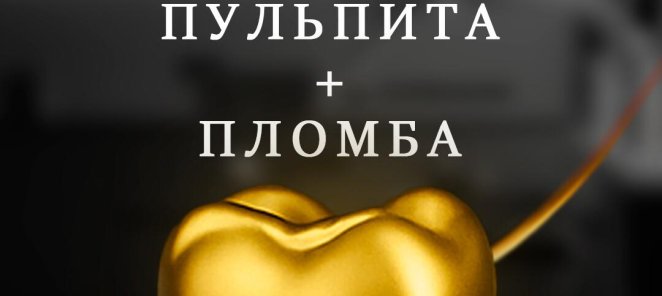 Лечение пульпита + пломба от 10000 руб.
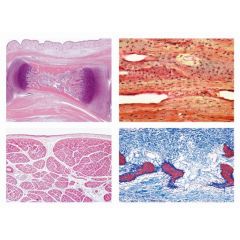 LIEDER Histologie und Menschenkunde, Einzeldarstellungen I, Deck- und Stützgewebe, Bewegungssystem, 15 Mikropräparate (L 70100)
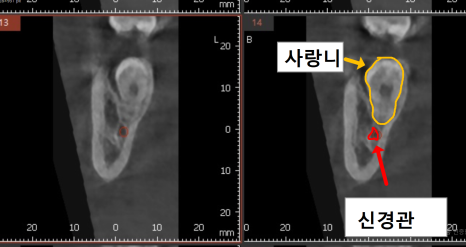 상일동 사랑니 매복 방치하다 옆 치아까지 망가진 실제 사례 관련 이미지 8
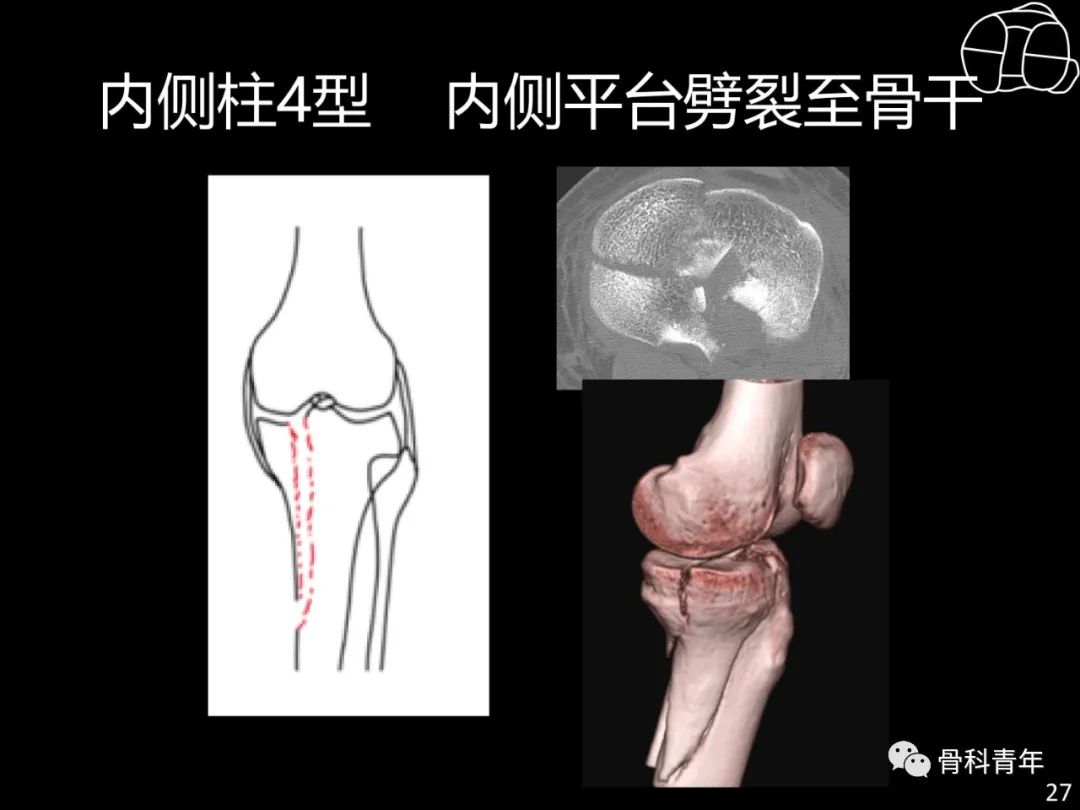 胫骨平台骨折“四柱九区分型”理论介绍@MedSci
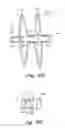 Fig. 07 - Catch Member for PFO Occluder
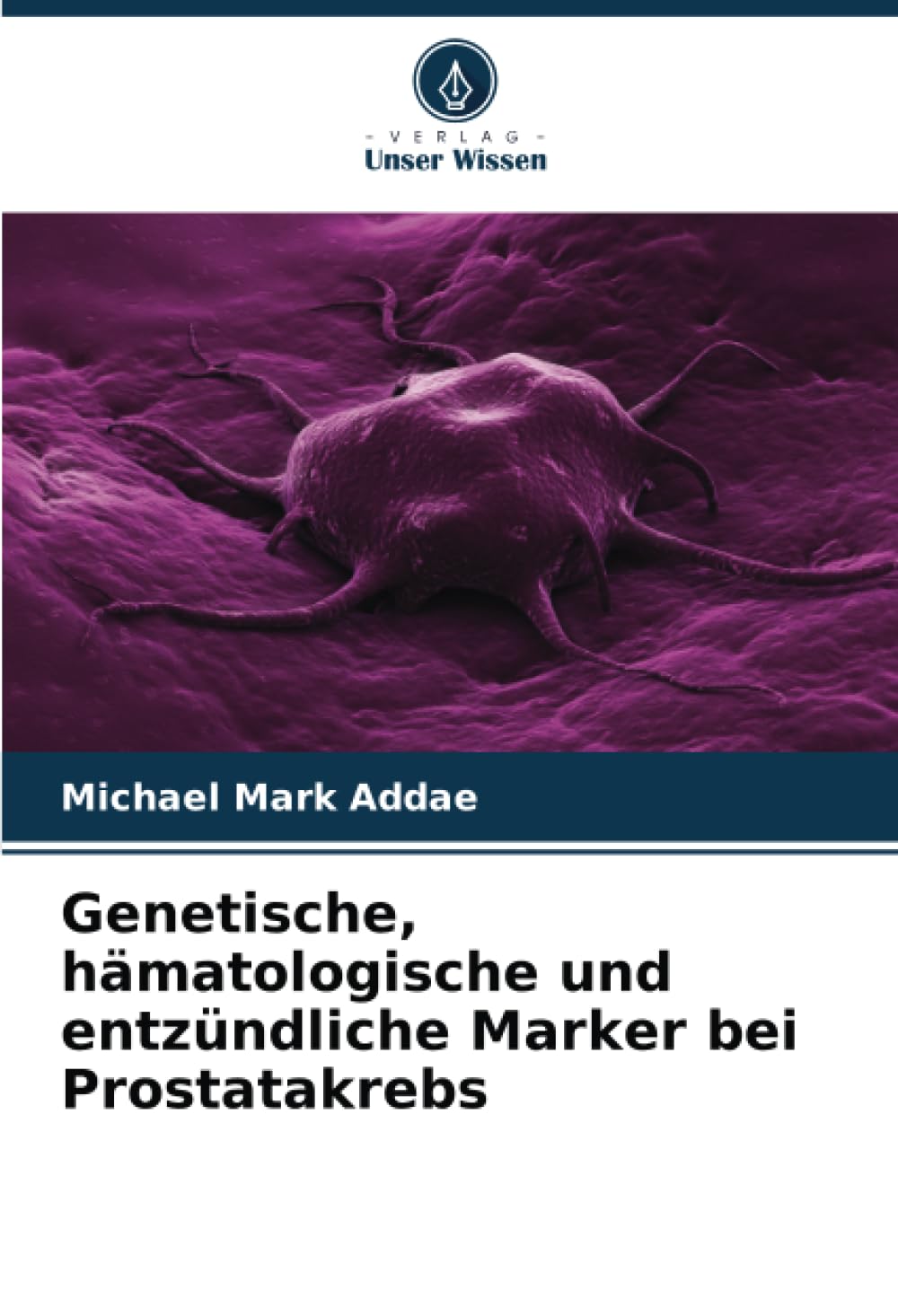 Genetische, hämatologische und entzündliche Marker bei Prostatakrebs Medicine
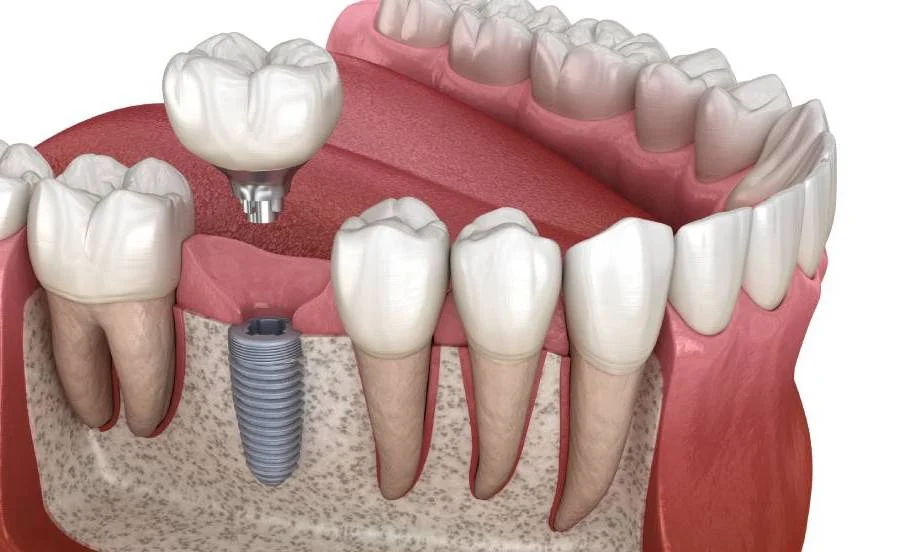 Protetyka - Implanty zębowe PrecisDENT Stomatologia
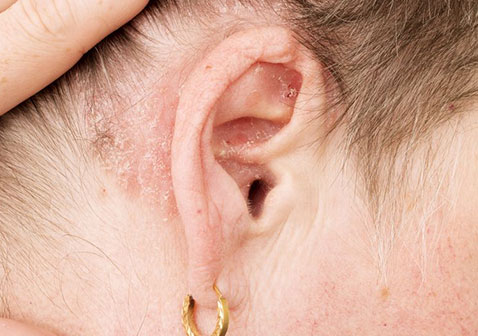 耳朵耳后湿疹症状图片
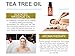 Tea Tree Oil by AromaOils - Pure Therapeutic Grade Melaleuca Oil - 1 fl oz (30 ml) - Best for Skin Tag Removal, Nail Fungus Treatment, Aromatherapy, Scented Massage Oil, Acne Reducer, Facial Toner (Package may vary)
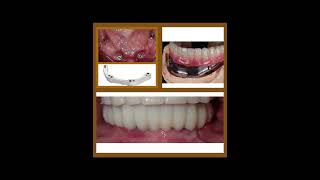 All-on Implant Restorations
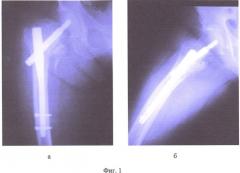 Способ лечения переломов проксимального отдела бедра в условиях остеопороза (патент 2473317)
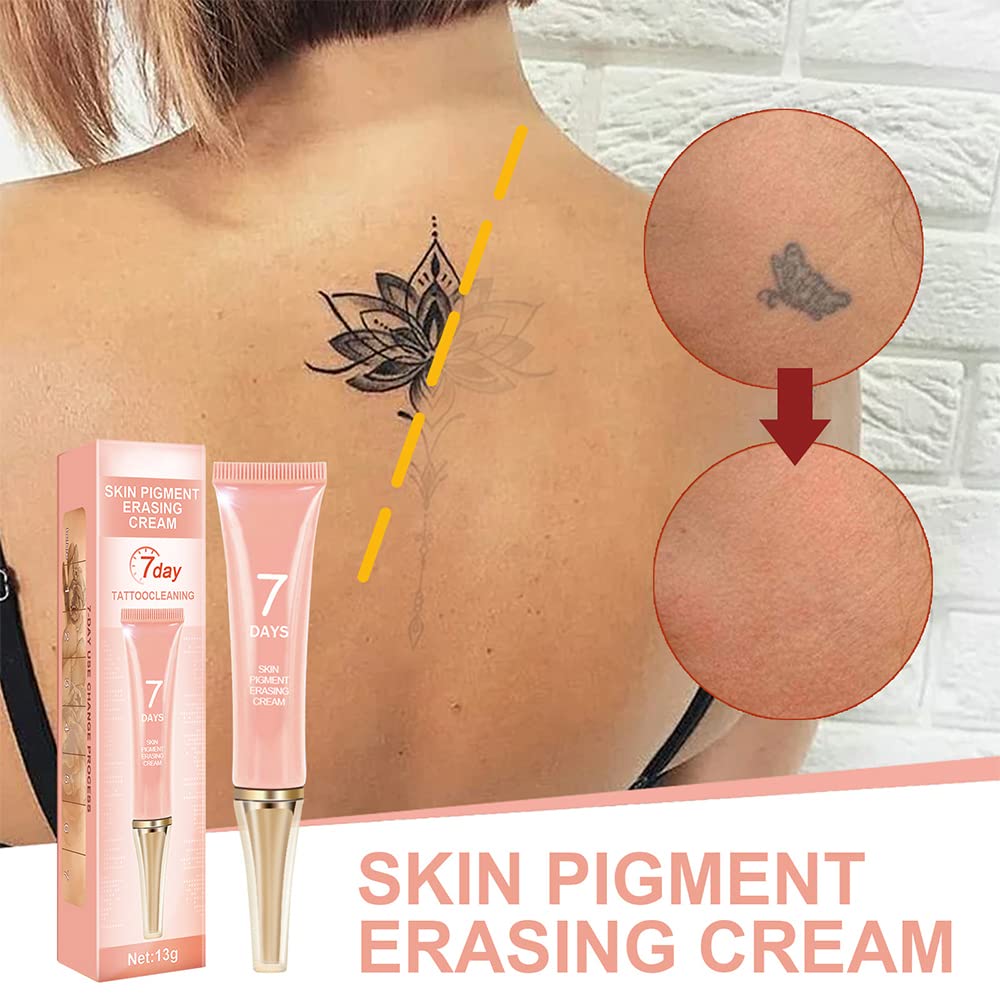 KlsyChry Tattoo Removal Cream — Fast, Painless Ink Erasure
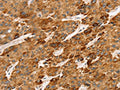The image on the left is immunohistochemistry of paraffin-embedded Human liver cancer tissue using CSB-PA919361(LTB Antibody) at dilution 1/45, on the right is treated with synthetic peptide. (Original magnification: ×200)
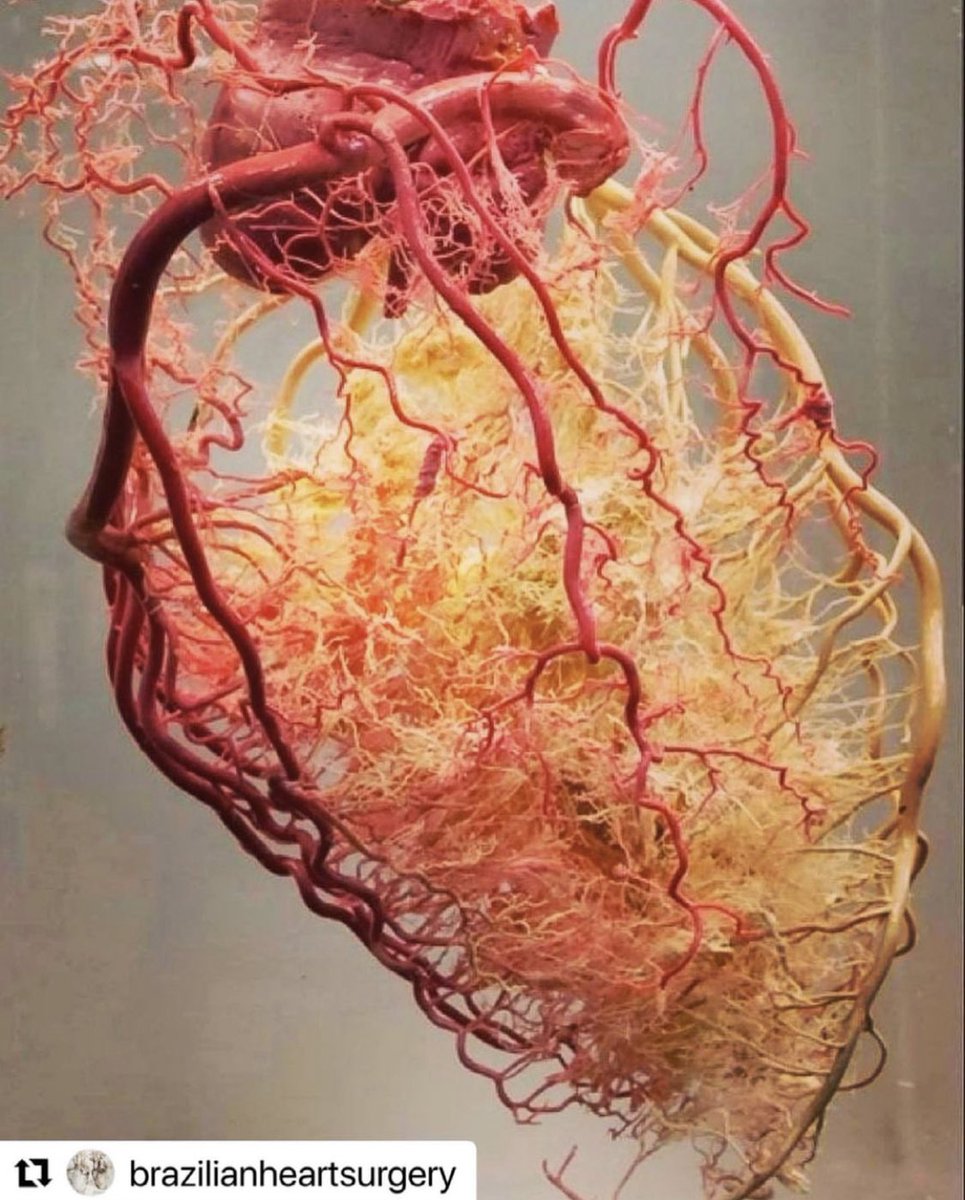 AvrahamCooperMD's tweet photo. Every blood vessel in the human heart 🫀 

#MedTwitter https://t.co/GgYEtJuVfQ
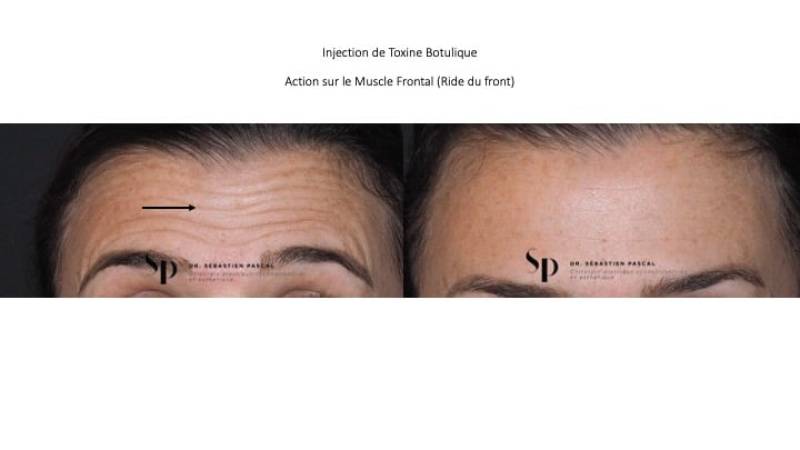Visage - Injection de Botox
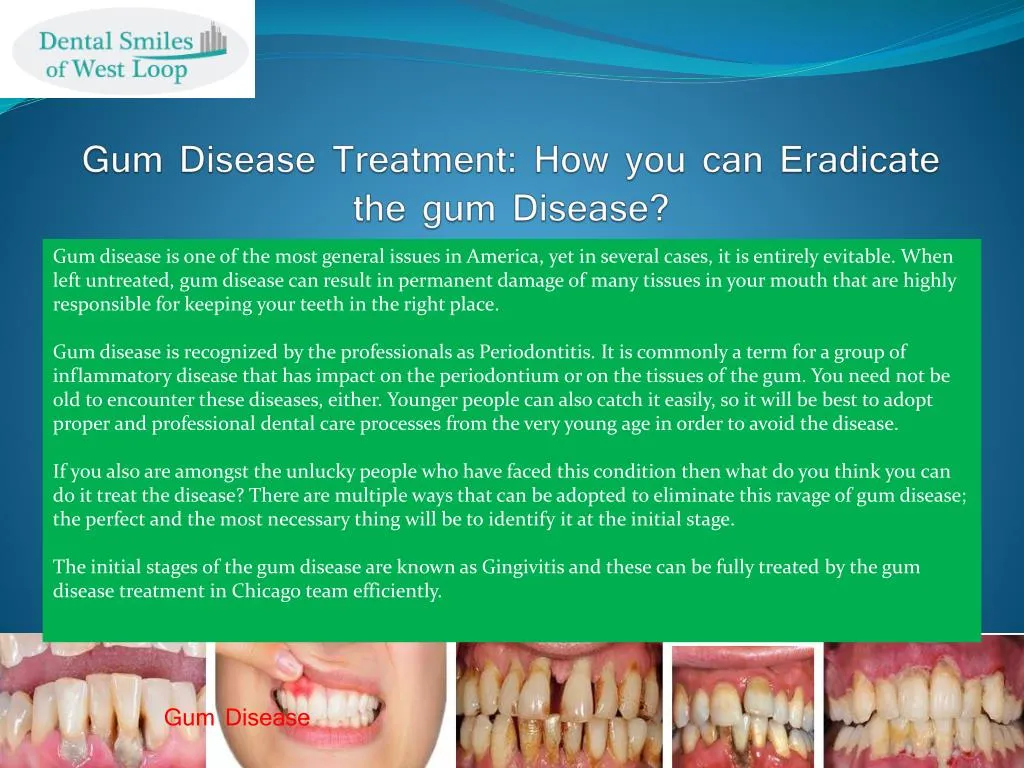 gum disease treatment how you can eradicate the gum disease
------------
Problem to work on:
Before copying the data, remove the pictures. Then repeat the rest exactly.

Task answer:
 Лечение пульпита + пломба от 10000 руб.
 LIEDER Histologie und Menschenkunde, Einzeldarstellungen I, Deck- und Stützgewebe, Bewegungssystem, 15 Mikropräparate (L 70100)
 상일동 사랑니 매복 방치하다 옆 치아까지 망가진 실제 사례 관련 이미지 8
 胫骨平台骨折“四柱九区分型”理论介绍@MedSci
 Fig. 07 - Catch Member for PFO Occluder
 Genetische, hämatologische und entzündliche Marker bei Prostatakrebs Medicine
 Protetyka - Implanty zębowe PrecisDENT Stomatologia
 耳朵耳后湿疹症状图片
 Tea Tree Oil by AromaOils - Pure Therapeutic Grade Melaleuca Oil - 1 fl oz (30 ml) - Best for Skin Tag Removal, Nail Fungus Treatment, Aromatherapy, Scented Massage Oil, Acne Reducer, Facial Toner (Package may vary)
 All-on Implant Restorations
 Способ лечения переломов проксимального отдела бедра в условиях остеопороза (патент 2473317)
 KlsyChry Tattoo Removal Cream — Fast, Painless Ink Erasure
The image on the left is immunohistochemistry of paraffin-embedded Human liver cancer tissue using CSB-PA919361(LTB Antibody) at dilution 1/45, on the right is treated with synthetic peptide. (Original magnification: ×200)
 AvrahamCooperMD's tweet photo. Every blood vessel in the human heart 🫀 

#MedTwitter https://t.co/GgYEtJuVfQ
Visage - Injection de Botox
 gum disease treatment how you can eradicate the gum disease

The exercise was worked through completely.